Wednesday, September 26, 2018

Where Are They Now?

Ken was a cool kid, a jock. He had a nonchalant bearing that I envied, that I knew I could never replicate. It’s as if he was incapable of ever appearing awkward, and yet was utterly unconcerned with not appearing awkward. These paradoxical characteristics were not in tension. They potentiated each other.

To this day when I’m in the kitchen late at night, all alone, trying to wrestle the recycling bag full of old newspapers out of the plastic can, and failing miserably, instead lifting both the stuck bag and the can by the drawstrings of the bag, I think to myself: Ken would never look like this.

One day in science class we were all sitting cross-legged on our tables to view a demonstration Mr. Pinkston was giving of a dissected frog. Except for Ken. He was lying flat on his back.

Mr. Pinkston had been a military man and liked to bark like a drill sergeant.

“Ken!” he shouted.

Ken lifted his head drowsily and rested on his elbows, a little sheepish. Somehow this flash of self-consciousness did not appear self-conscious. It appeared calculated—and it appeared not calculated at all.

Mr. Pinkston asked Ken what part of the frog’s anatomy we were presently discussing and by some miracle, or obviously, Ken provided the correct response.

“It seems to me, Ken,” Mr. Pinkston declared, “that you do some of your best thinking in the reclining position.”

We all laughed. Ken laughed. I laughed. All I could think was: Did Mr. Pinkston just make a joke about Ken getting laid? We were twelve years old, maybe thirteen. But if anyone was getting laid it was Ken.

Some time later Mr. Pinkston was fired for groping a student.

Ken spent the rest of his life skiing in a rich and secluded Rocky Mountain resort town.

Or so I heard.

Wednesday, September 19, 2018

The Enterprise - 57

It took me hundreds of elevator trips to realize. I’d share a ride up with a dad and his twelve-year-old son, wide-eyed, beside himself with anticipation. The door would open on the third floor and the boy would race into what appeared to be a harshly lit, rundown showroom. I’d glimpse paunchy men in their fifties chatting up customers over display cases that ran along the perimeter. I perceived the scene as less than ordinary. I was on my way to the floor above.

Finally I heard the word. Don’t you know what that is down there? No. That place downstairs? It’s a magic shop.

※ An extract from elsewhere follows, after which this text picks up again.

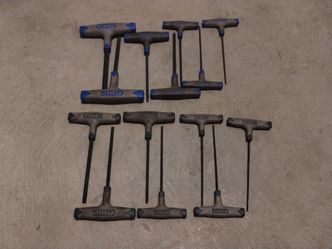 Allen T handle hex wrench metric and SAE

Turns out people came from all over the world to see the place. It was one of those old-timey New York things that you can’t believe is still around, like the watch repair guys above Grand Central, the bric-a-brac dealers on Canal, the peking duck places with the white tablecloths. And yet there it was the whole time, unchanged since 1937 or 1951 or whenever the fuck. Same old magic guys shooting the shit with each other, blowing kids’ minds with the same old tricks.

We went down there one time to have a look around, me and Steve and a couple others. It was exactly what you’d expect it to be. A place where you could buy a pop-out snake or a top hat with a false bottom. It was utterly unmysterious.

I had a feeling it would be there long after we were gone.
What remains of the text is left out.